[Start of section]
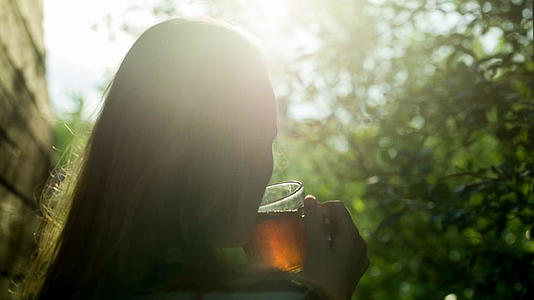 日落时在户外喝热茶的女孩视频的预览图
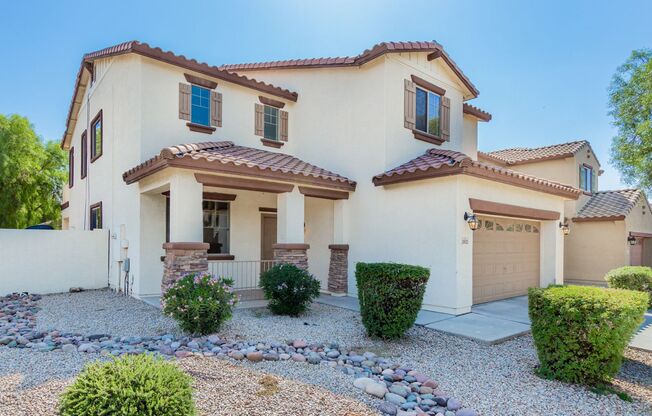 Spacious 4 bedroom home with full bath and bedroom downstairs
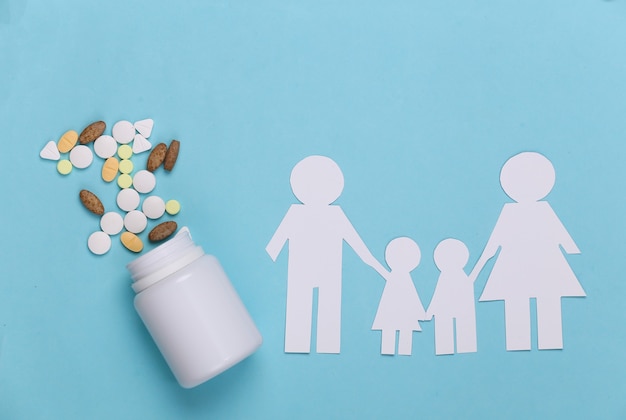 Paper chain family, bottle pills on blue, health insurance concept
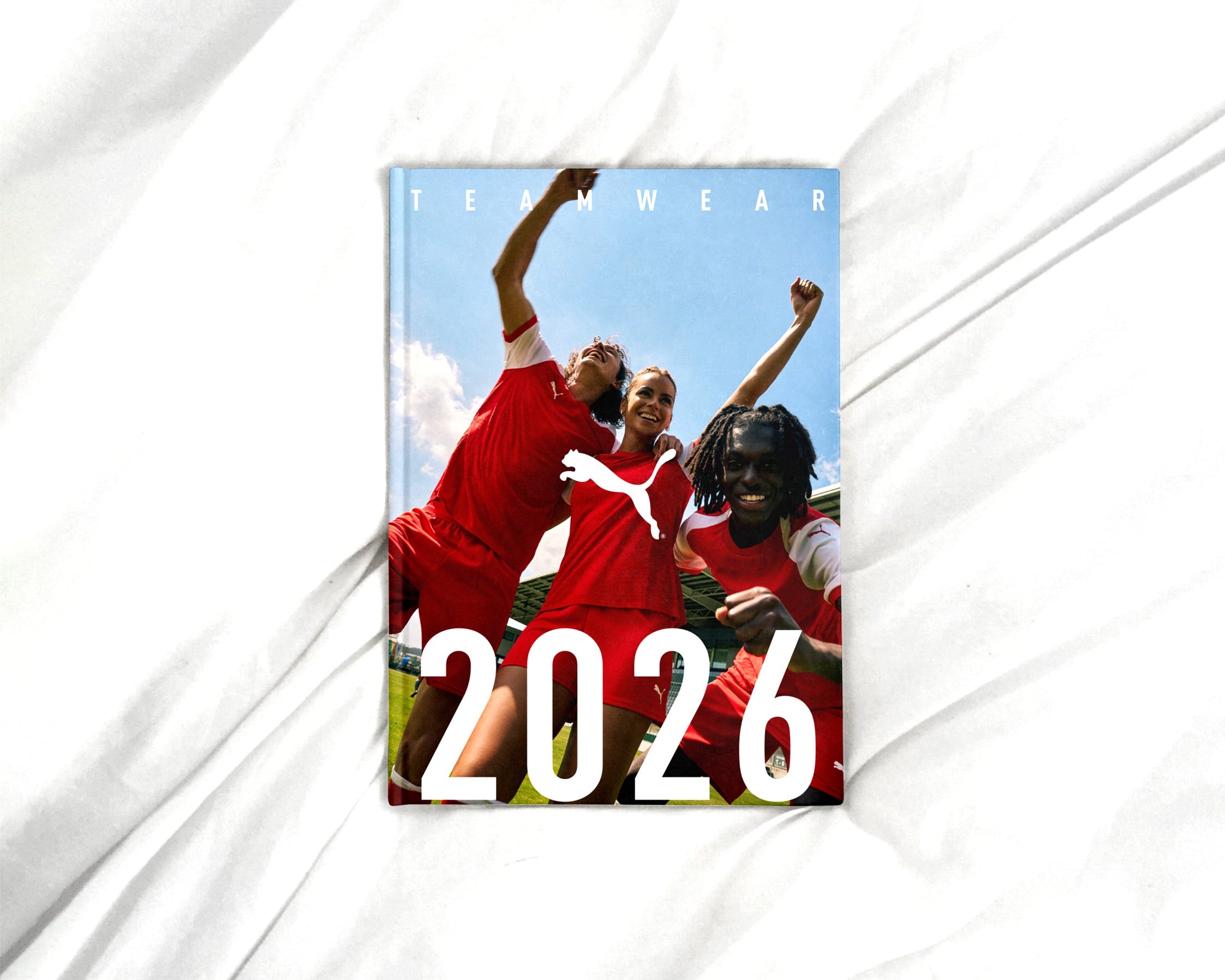 Promotional poster for Puma featuring soccer players and the year 2026 on a white background.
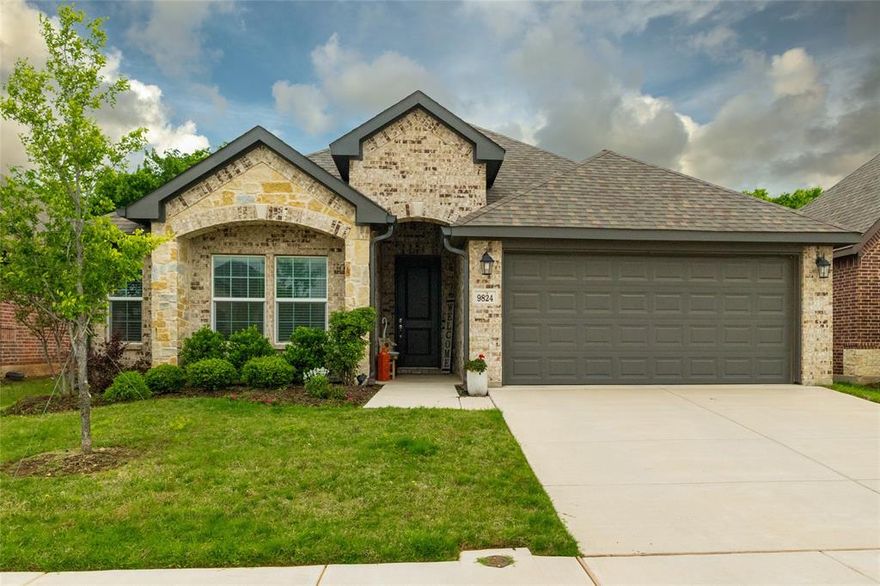 9824 Mescalbean Boulevard showcases one of the most sought-after floorplans in the subdivision—known for its functionality, flow, and everyday livability. This beautifully maintained 3-bedroom, 2-bath home offers a bright open-concept layout, perfect for modern living and entertaining. Natural light fills the spacious living area, seamlessly connecting to the dining space and well-appointed kitchen, creating an ideal setting for gatherings or quiet evenings at home. Designed with comfort and convenience in mind, the split-bedroom layout provides privacy, while the primary suite offers a relaxing retreat. Step outside to a large backyard with covered patio, perfect for outdoor entertaining, pets, or future enhancements—adding both lifestyle appeal and long-term value. Located just minutes from shopping, dining, and major highways, this home offers an easy commute and is approximately 10 minutes from Fort Worth, giving you quick access to top restaurants, entertainment, and cultural attractions. Nearby parks and green spaces further elevate the lifestyle, making this an ideal setting for buyers seeking both convenience and community.

A rare opportunity to own a highly desirable plan in a prime location—schedule your private showing today.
[End of section]
YOUR INSTRUCTIONS :: Extract the part of the records that opens with the line containing "Spacious 4 bedroom" and closes with the line containing "9824 Mescalbean Boulevard". Take only those lines, exactly, and no pictures.

WRITTEN SOLUTION ::
 Spacious 4 bedroom home with full bath and bedroom downstairs
 Paper chain family, bottle pills on blue, health insurance concept
 Promotional poster for Puma featuring soccer players and the year 2026 on a white background.
 9824 Mescalbean Boulevard showcases one of the most sought-after floorplans in the subdivision—known for its functionality, flow, and everyday livability. This beautifully maintained 3-bedroom, 2-bath home offers a bright open-concept layout, perfect for modern living and entertaining. Natural light fills the spacious living area, seamlessly connecting to the dining space and well-appointed kitchen, creating an ideal setting for gatherings or quiet evenings at home. Designed with comfort and convenience in mind, the split-bedroom layout provides privacy, while the primary suite offers a relaxing retreat. Step outside to a large backyard with covered patio, perfect for outdoor entertaining, pets, or future enhancements—adding both lifestyle appeal and long-term value. Located just minutes from shopping, dining, and major highways, this home offers an easy commute and is approximately 10 minutes from Fort Worth, giving you quick access to top restaurants, entertainment, and cultural attractions. Nearby parks and green spaces further elevate the lifestyle, making this an ideal setting for buyers seeking both convenience and community.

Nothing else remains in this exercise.